** TASK DETAILS **
Without the pictures, print the lines from the one holding "Quirky Antisocial Rooster" through the last line below, both included, exactly as they stand.

** DATA EXTRACT **
_ _ _ _

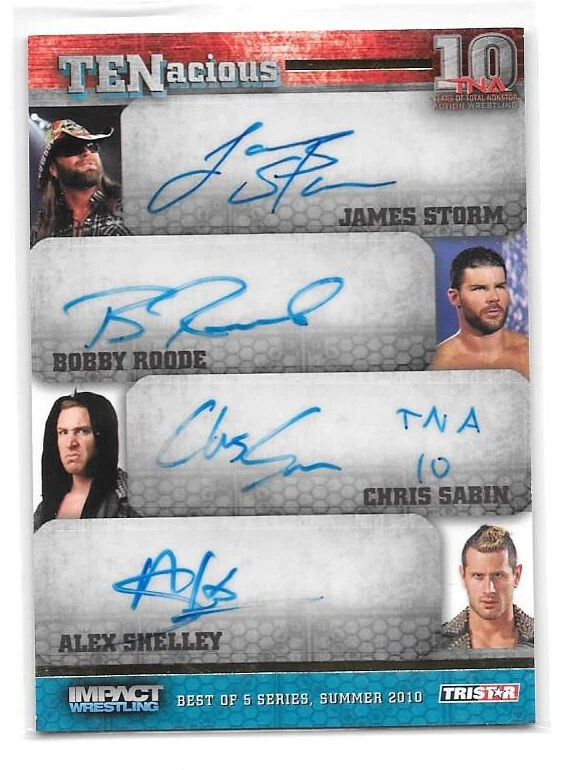 2012 TRISTAR TNA TENacious Quad Auto Gold #TEN43 Storm Roode Sabin Shelley /100 - Image 1 of 2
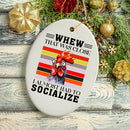 Quirky Antisocial Rooster Ceramic Ornament, Cute and Funny Christmas Gift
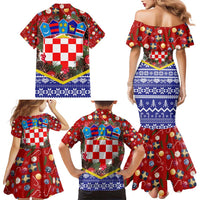 Croatia Christmas Family Matching Mermaid Dress and Hawaiian Shirt with Santa Sleigh Presents and Red Checkered Crest - Wonder Print Shop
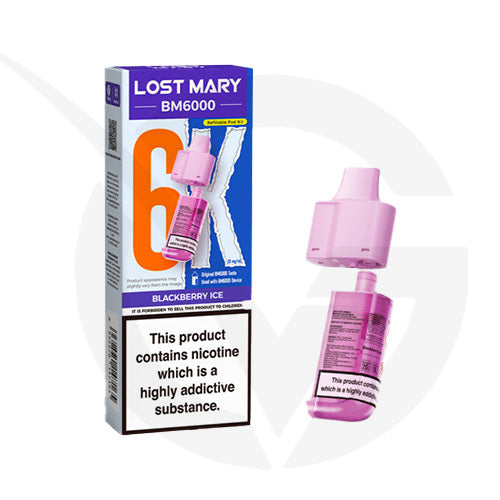 Blackberry Ice Prefilled Pods By Lost Mary BM6000 + Refill Containers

_ _ _ _

** OUTPUT **
 Quirky Antisocial Rooster Ceramic Ornament, Cute and Funny Christmas Gift
 Croatia Christmas Family Matching Mermaid Dress and Hawaiian Shirt with Santa Sleigh Presents and Red Checkered Crest - Wonder Print Shop
 Blackberry Ice Prefilled Pods By Lost Mary BM6000 + Refill Containers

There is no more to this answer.